(WORK ITEM)
Exact repetition of a range: find the line containing "Snapshot of myke_xxx" and the line containing "3400 Willow Ln, Bedford, TX 76021" in the material below, then repeat both and all lines between them, leaving pictures out.
- Opening Delimiter -
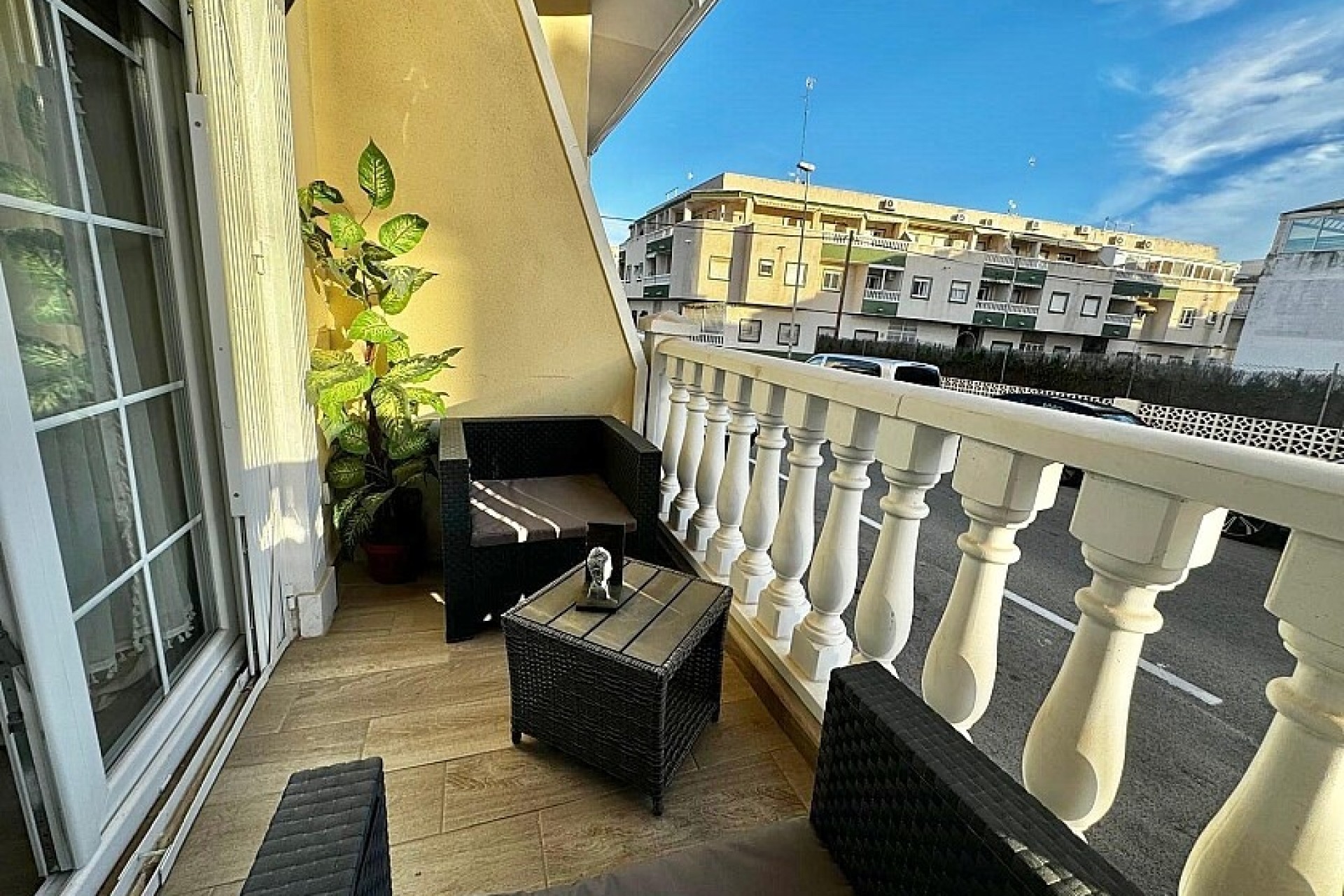 Resale - Ground floor apartment - Torrevieja - Playa de los Locos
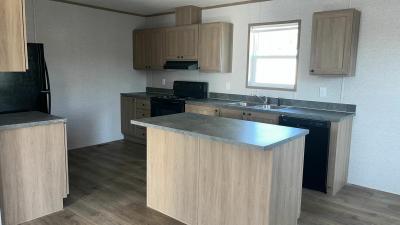 Mobile Home at 392 Seneca Drive Lot 20392 Batavia, OH 45103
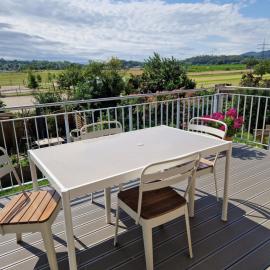FeWo1 neuwertige, große 110qm FeWo über zwei Etagen mit Balkon im Außenbereich、リーゲルのホテル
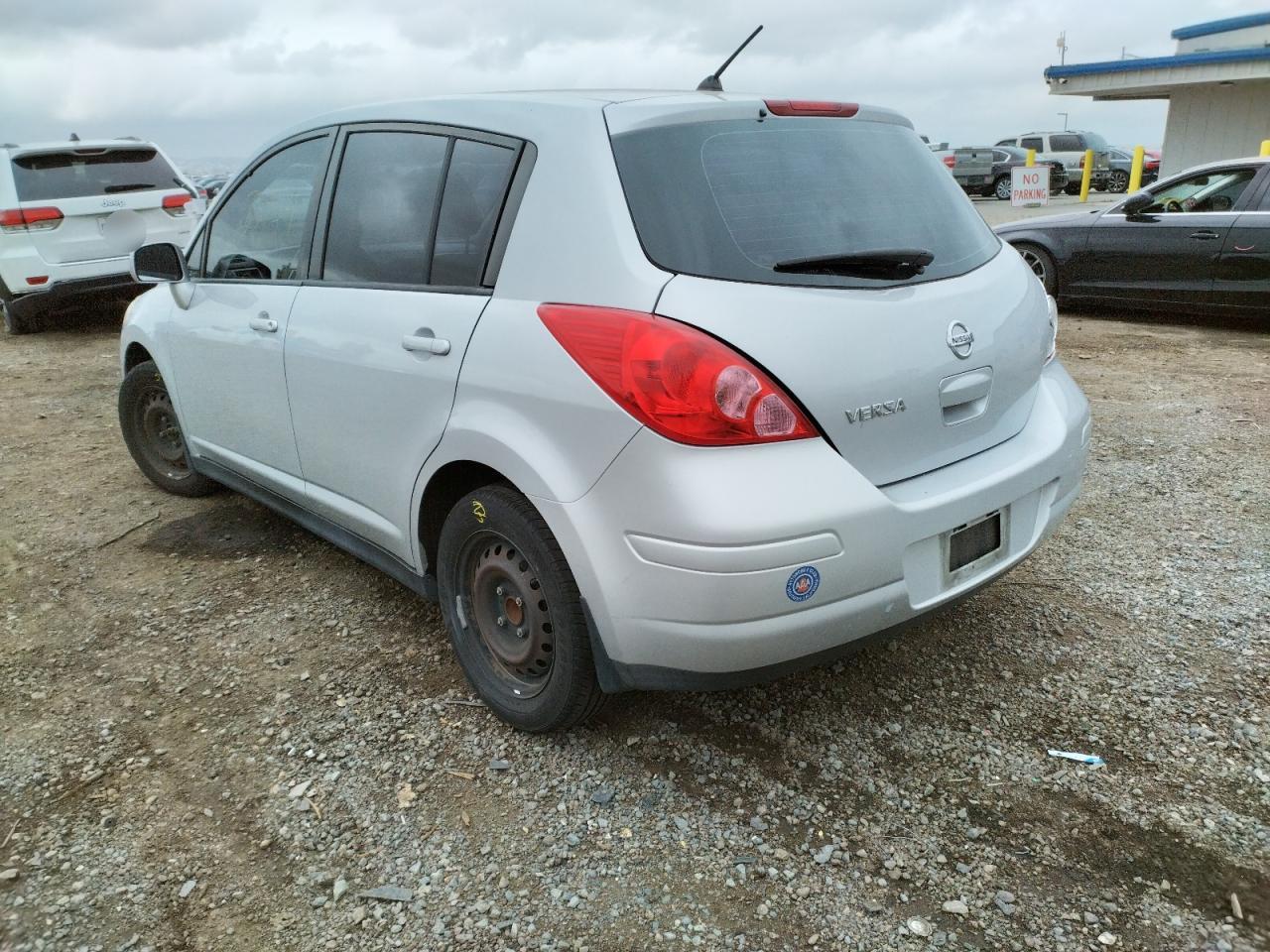 Photo 3 from auction – 2008 NISSAN VERSA S with VIN 3N1BC13E48L394892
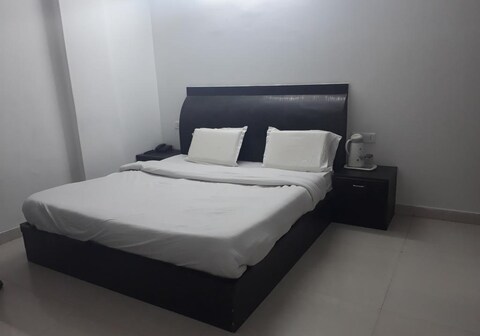 New Parkash Guest House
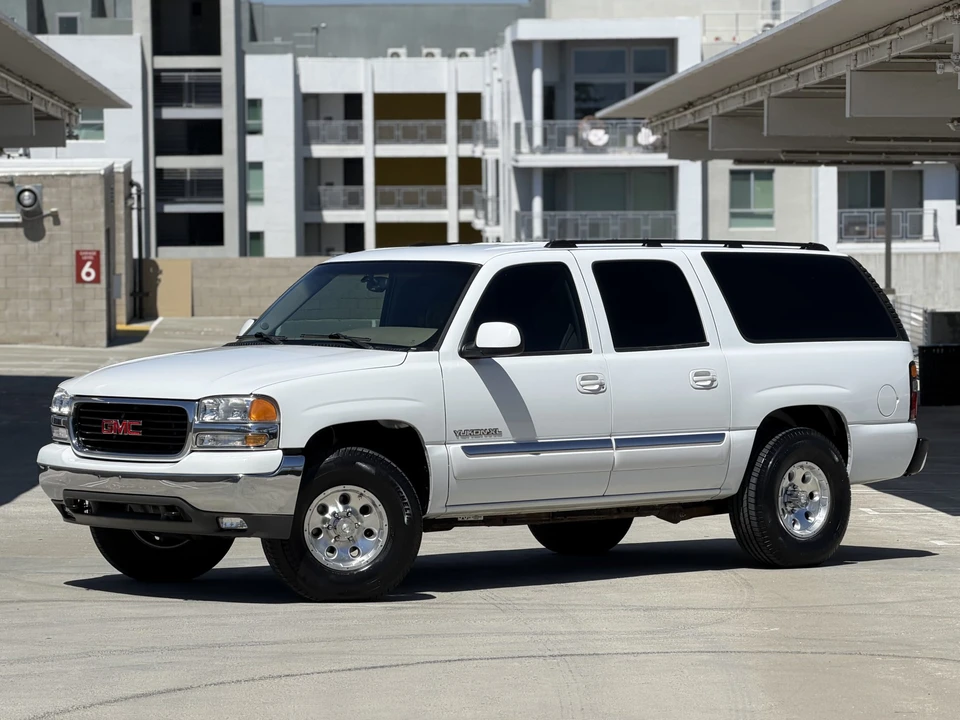 2004 GMC Yukon 2nd Gen - Image 5 of 31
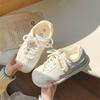 Sapatos Chiques Doces e Versáteis de Solado Fino Tênis de Solado Grosso para Mulheres Outono 2025 Novos Sapatos Básicos Retro para Treinamento Moral Sapatos Brancos Pequenos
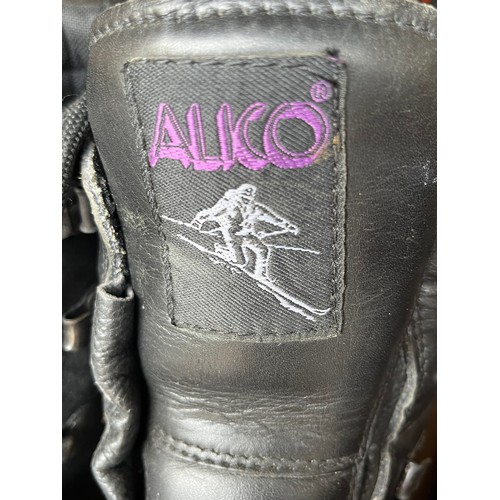 1522 - Vintage Ski boots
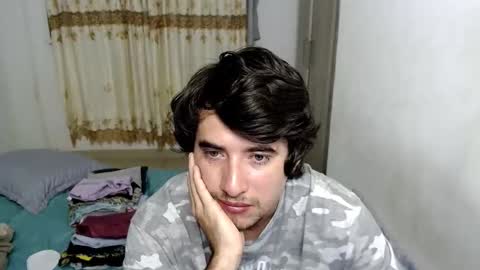 Snapshot of myke_xxx chatting on 11/17/25, 12:27 mike online show from 11/17/25, 12:27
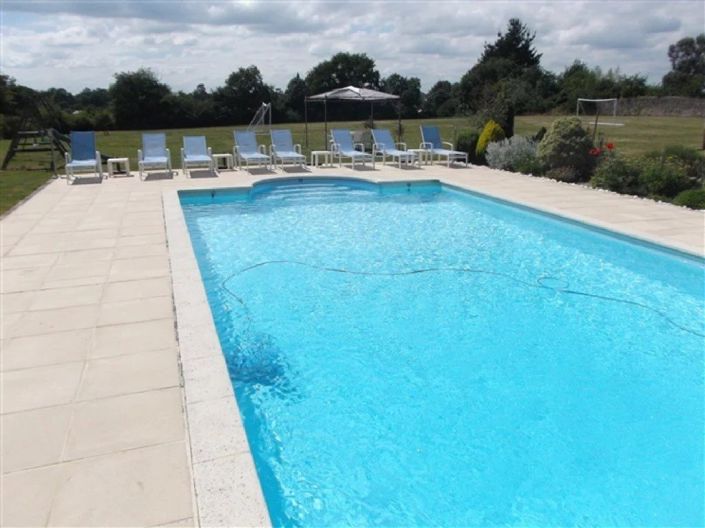 Image No.15-7 Bed House for sale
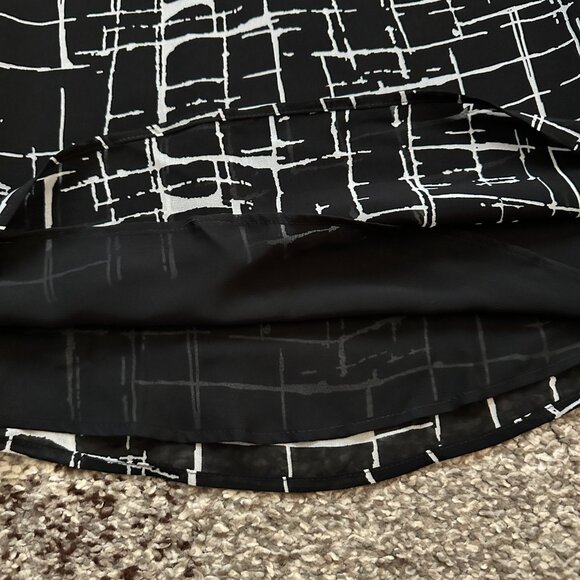 CALVIN KLEIN (L) Black White Geometric Print Chiffon Peasant Blouse Top Tie-Neck - Picture 12 of 12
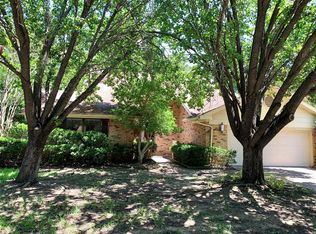 3400 Willow Ln, Bedford, TX 76021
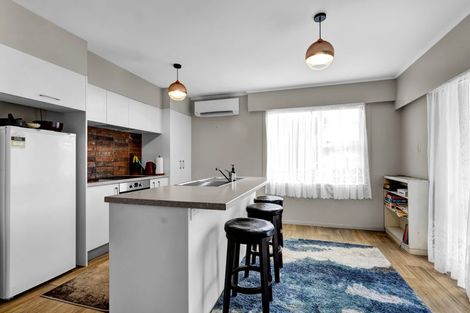 Photo of property in 65 Barrett Street, Westown, New Plymouth, 4310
- Closing Delimiter -
(ANSWER TO THIS TASK)
 Snapshot of myke_xxx chatting on 11/17/25, 12:27 mike online show from 11/17/25, 12:27
 Image No.15-7 Bed House for sale
 CALVIN KLEIN (L) Black White Geometric Print Chiffon Peasant Blouse Top Tie-Neck - Picture 12 of 12
 3400 Willow Ln, Bedford, TX 76021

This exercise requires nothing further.